Com as variantes anteriores, incluindo a delta, as reinfecções ocorriam, mas eram relativamente infrequentes. Em setembro, porém, a frequência das reinfecções na África do Sul parece ter subido, e em novembro, quando a ômicron foi identificada, já estava nitidamente alta, disse Pulliam.
As reinfecções podem chamar a atenção ainda mais na África do Sul, assim como nos Estados Unidos, porque tantas pessoas nesses países já foram imunizadas ou infectadas pelo menos uma vez.
“A percepção amplifica o que está ocorrendo biologicamente de fato”, disse Pulliam. “Na verdade, é apenas que há mais pessoas em condições de ser reinfectadas.”
A ômicron era suficientemente diferente da delta, e a delta suficientemente diferente de versões anteriores do vírus, para que algumas reinfecções fossem previsíveis. Mas agora a ômicron parece estar desenvolvendo novas formas que penetram as defesas imunológicas com relativamente poucas alterações em seu código genético.
“Isso me surpreendeu, na realidade”, comentou o virologista Alex Sigal, do Instituto África de Pesquisas Sanitárias. “Pensei que precisaríamos de uma variante totalmente nova para escaparmos desta. Mas, na realidade, parece que esse não é um caso.”

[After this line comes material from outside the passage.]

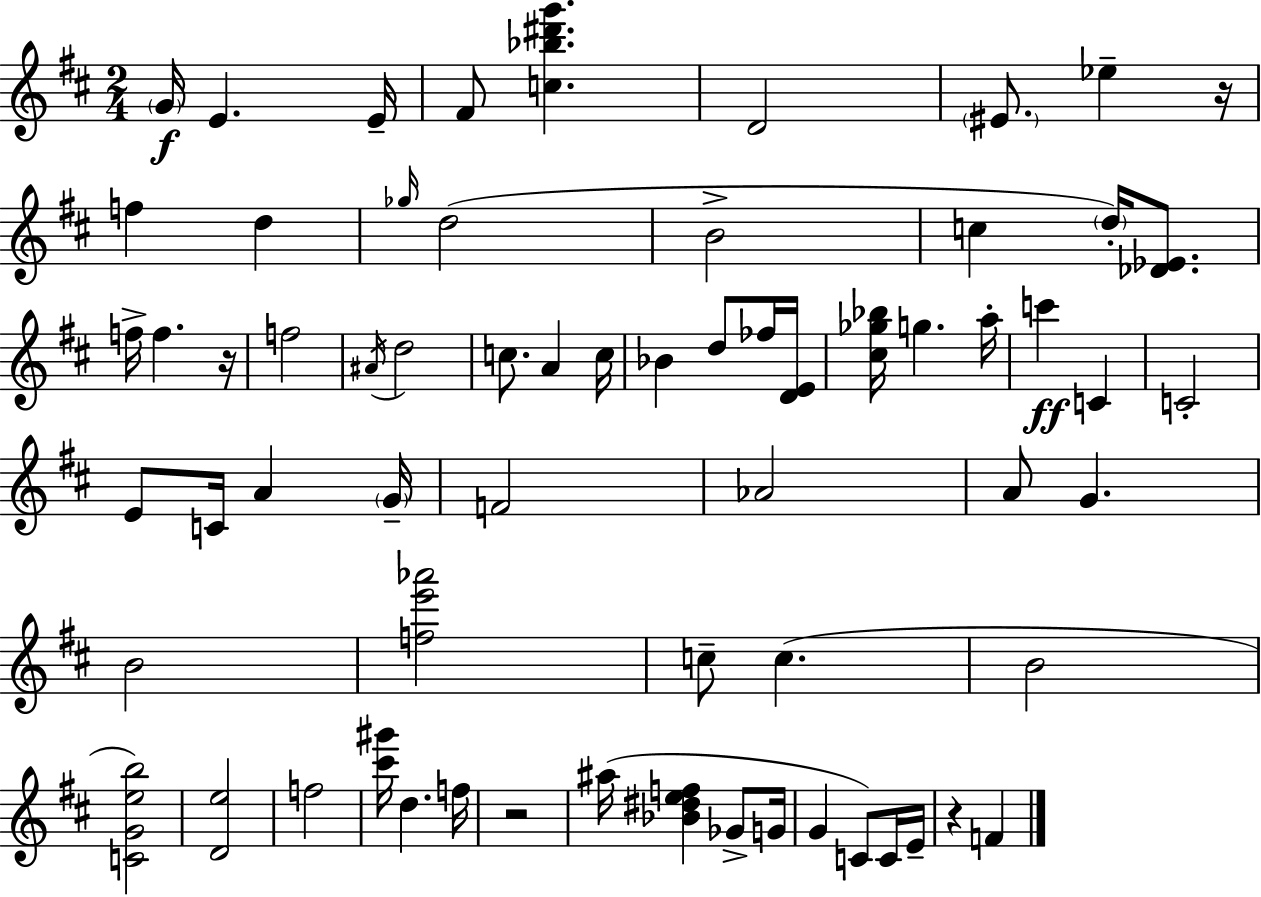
G4/s E4/q. E4/s F#4/e [C5,Bb5,D#6,G6]/q. D4/h EIS4/e. Eb5/q R/s F5/q D5/q Gb5/s D5/h B4/h C5/q D5/s [Db4,Eb4]/e. F5/s F5/q. R/s F5/h A#4/s D5/h C5/e. A4/q C5/s Bb4/q D5/e FES5/s [D4,E4]/s [C#5,Gb5,Bb5]/s G5/q. A5/s C6/q C4/q C4/h E4/e C4/s A4/q G4/s F4/h Ab4/h A4/e G4/q. B4/h [F5,E6,Ab6]/h C5/e C5/q. B4/h [C4,G4,E5,B5]/h [D4,E5]/h F5/h [C#6,G#6]/s D5/q. F5/s R/h A#5/s [Bb4,D#5,E5,F5]/q Gb4/e G4/s G4/q C4/e C4/s E4/s R/q F4/q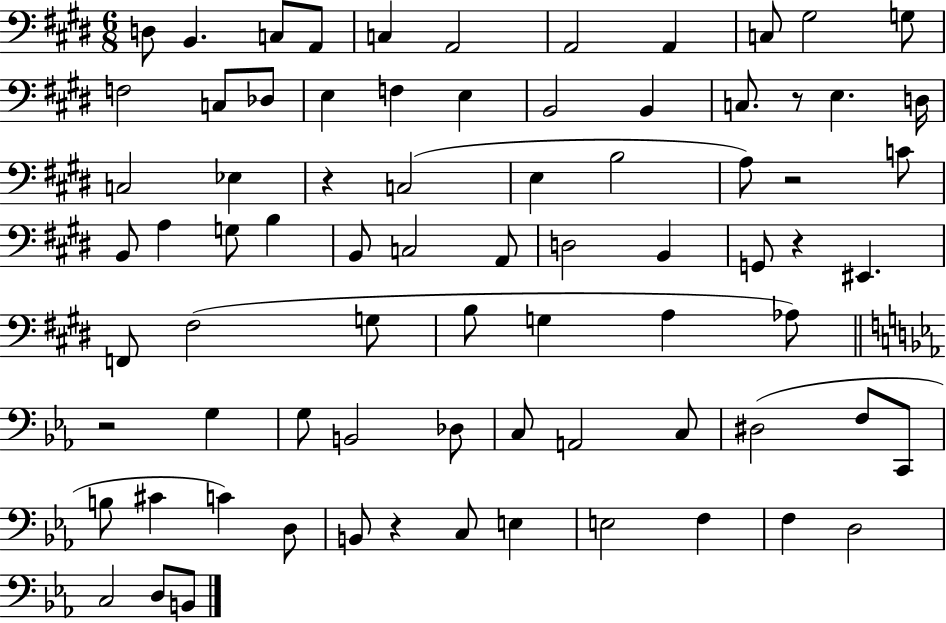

Uma infecção com a ômicron provoca uma reação imune mais fraca e que parece perder força em pouco tempo, em comparação com as infecções com variantes anteriores. Embora as versões mais novas da variante sejam estreitamente aparentadas, elas são suficientemente diferentes desde a perspective imune para que a infecção com uma delas não proteja uma pessoa muito contra as outras –e certamente não depois de três ou quatro meses.
Mesmo assim, a boa notícia é que a maioria das pessoas reinfectadas com novas versões da ômicron não vão adoecer gravemente. Pelo menos por enquanto, o vírus não descobriu uma maneira de contornar o sistema imunológico completamente.
“Acho que é o melhor que podemos esperar por enquanto”, disse Sigal. “O grande perigo pode chegar quando a variante for completamente diferente.”
Mesmo assim, cada infecção pode trazer a possibilidade de Covid persistente, a constelação de sintomas que podem persistir por meses ou anos. Ainda é cedo para saber com que frequência uma infecção com ômicron leva à Covid persistente, especialmente em pessoas vacinadas.
Para acompanharem a evolução do vírus, disseram outros especialistas, as vacinas contra Covid precisam ser atualizadas mais rapidamente, ainda mais rapidamente do que é feito com as vacinas anuais contra a gripe. Mesmo uma equiparação imperfeita com uma nova versão do coronavírus ampliará a imunidade e trará alguma proteção, segundo eles.
“Cada vez que pensamos que já deixamos esse problema para trás, cada vez que achamos que dominamos o problema, o vírus nos dá uma rasteira”, disse Andersen. “O jeito de colocar isso sob controle não é dizer ‘vamos todos ser infectados algumas vezes por ano e torcer para dar tudo certo’.”